▶ **SOURCE MATERIAL**:
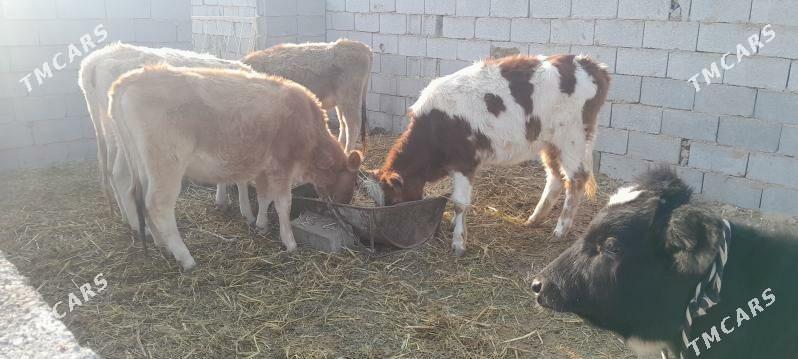 Gole sygyr - Çoganly - img 6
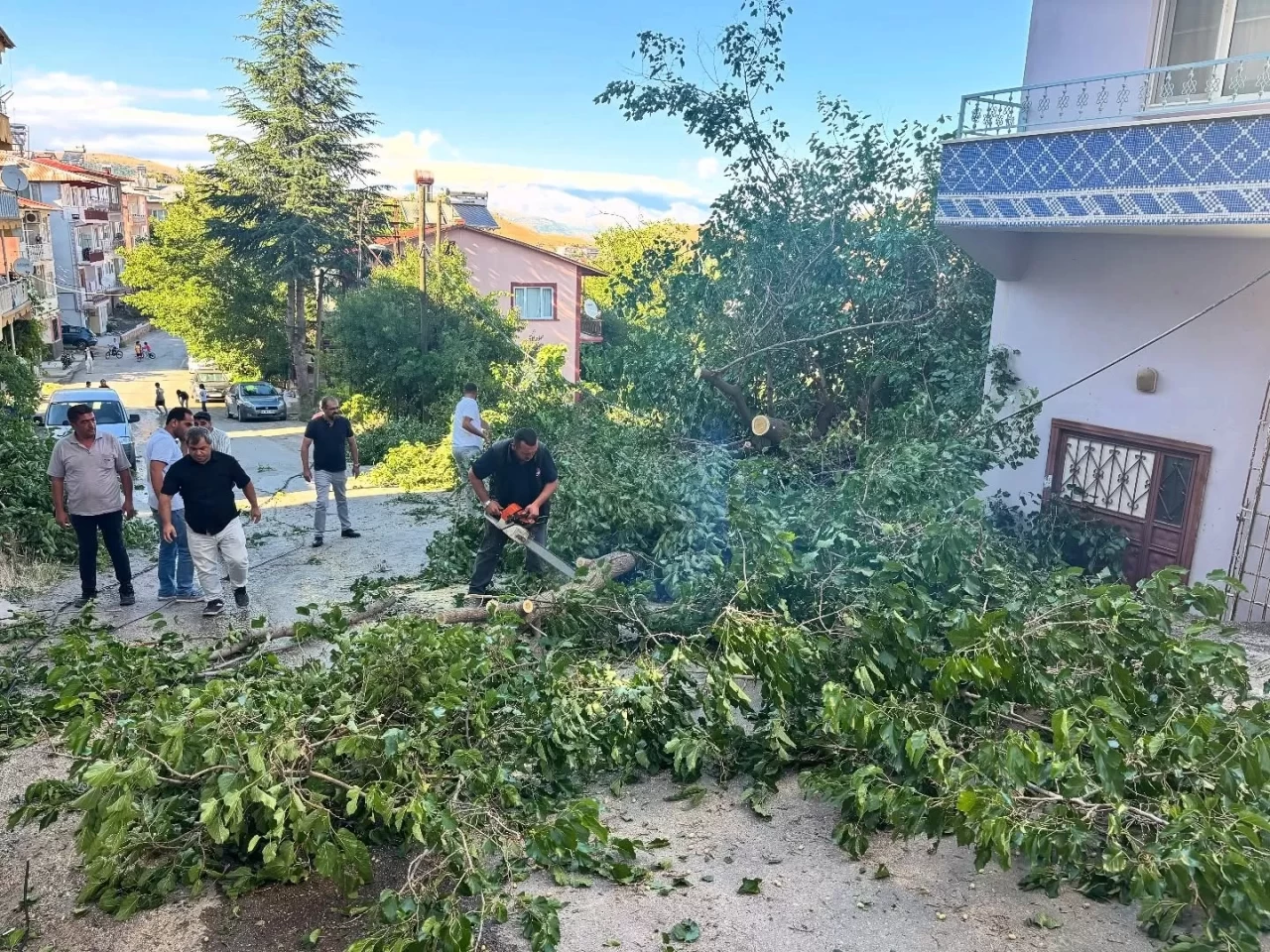 Arapgir’de fırtına ağaçları devirdi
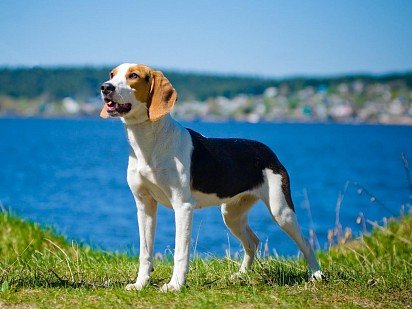 Estonian Hound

▶ **EXERCISE REQUIREMENTS**: Your output must consist only of the lines from the line with "Arapgir’de fırtına ağaçları devirdi" through the final line of the data, both included, reproduced exactly and free of pictures.

▶ **TASK RESPONSE**:
 Arapgir’de fırtına ağaçları devirdi
 Estonian Hound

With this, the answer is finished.